» ENTRIES SUPPLIED:
↓

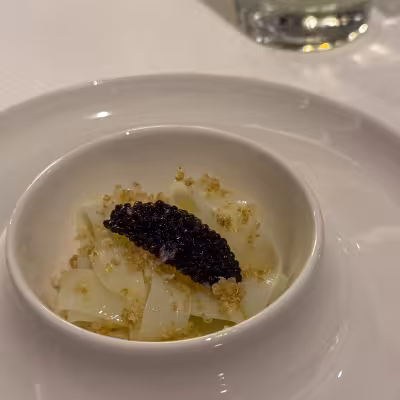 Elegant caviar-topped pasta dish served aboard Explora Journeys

↑
↓

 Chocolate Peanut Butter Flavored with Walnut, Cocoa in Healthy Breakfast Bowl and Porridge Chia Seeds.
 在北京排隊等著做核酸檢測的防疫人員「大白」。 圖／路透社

↑

» EXERCISE DIRECTIONS: Please copy, exactly and with nothing else, the lines above beginning at the line that has "Chocolate Peanut Butter" and ending with the line that has "在北京排隊等著做核酸檢測的防疫人員「大白」。 圖／路透社".

» EXERCISE OUTPUT:
 Chocolate Peanut Butter Flavored with Walnut, Cocoa in Healthy Breakfast Bowl and Porridge Chia Seeds.
 在北京排隊等著做核酸檢測的防疫人員「大白」。 圖／路透社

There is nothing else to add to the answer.